The pound rose versus its major counterparts, reaching the strongest level since January against the euro, as data showing the U.K. jobless rate unexpectedly dropped in July boosted demand for Britain’s currency.
The pound advanced as U.K. unemployment fell in the three months through July, moving a step closer to the 7 percent threshold at which Bank of England Governor Mark Carney has said officials will reassess their policy stance. Australia’s dollar fell from a seven-week high versus the U.S. currency before a government report tomorrow that economists said will show the nation’s jobless rate increased in August. The yen advanced against all but two of its 16 major peers.

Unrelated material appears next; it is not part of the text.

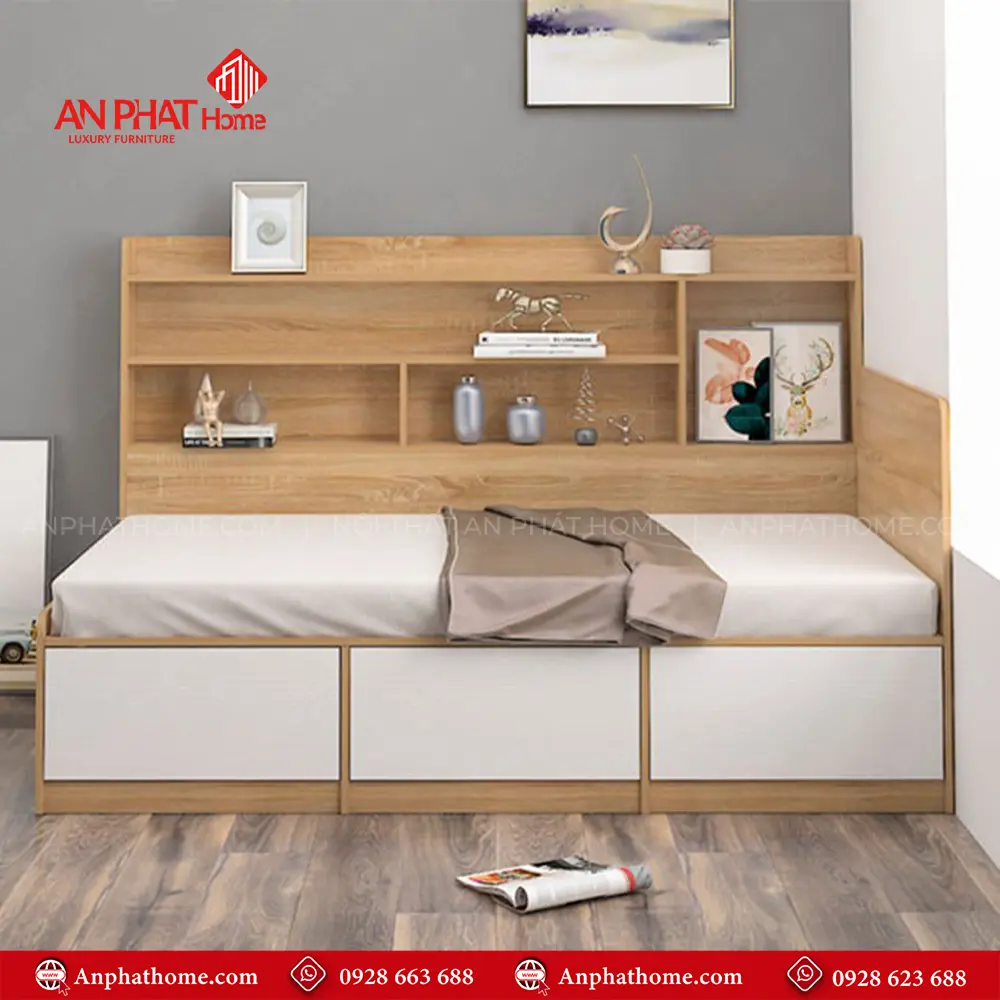 Giường hiện đại thiết kế liền kệ trưng bày GN-208 11 Giường hiện đại thiết kế liền kệ trưng bày GN-208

“The unemployment report was really positive” for the pound, said Eimear Daly, a currency-market analyst at Monex Europe Ltd. in London. “The markets have just run with it. Right now the data is acting against Carney. The very policy he created is egging markets to price in an early rate hike.”
The pound gained 0.2 percent to 84.17 pence per euro at 10:44 a.m. London time after reaching 83.83 pence, the strongest level since Jan. 23. The U.K. currency rose 0.2 percent to $1.5763 after touching $1.5827, the highest since Feb. 8.

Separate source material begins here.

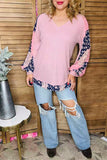 Knitted waffle pink & chiffon floral printed long sleeve women blouse GJQ15675 IS10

Britain’s unemployment rate measured by International Labour Organization methods declined to 7.7 percent from 7.8 percent in the second quarter, the Office for National Statistics said in London. The median forecast of 28 economists was for 7.8 percent.
The dollar snapped a three-day decline versus the euro before Federal Reserve Bank of New York President William C. Dudley speaks tomorrow amid forecasts U.S. policy makers are moving closer to slowing bond purchases.
The dollar was little changed at $1.3267 per euro after dropping 1.1 percent during the previous three days. The U.S. currency fell 0.2 percent to 100.25 yen. The yen climbed 0.1 percent to 133.01 per euro after depreciating to 133.38, the weakest level since May 22.
Dudley said in July that economic growth will probably quicken next year, possibly warranting a reduction in bond purchases. The Fed is forecast to slow its monthly buying to $75 billion from the current $85 billion pace at its Sept. 17-18 meeting, according to the median estimate of economists surveyed by Bloomberg News on Sept. 6.
“There’s definitely some consolidation going on,” said Kasper Kirkegaard, a senior currency strategist at Danske Bank A/S (DANSKE) in Copenhagen. “We have to wait until the Fed’s meeting next week for the next real catalyst.”
Australia’s dollar fell 0.1 percent to 93.05 U.S. cents after strengthening to 93.19 yesterday, the highest level since July 24.
The nation’s jobless rate rose to a four-year high of 5.8 percent last month, from 5.7 percent in July, according to the median estimate of economists surveyed by Bloomberg News before tomorrow’s report.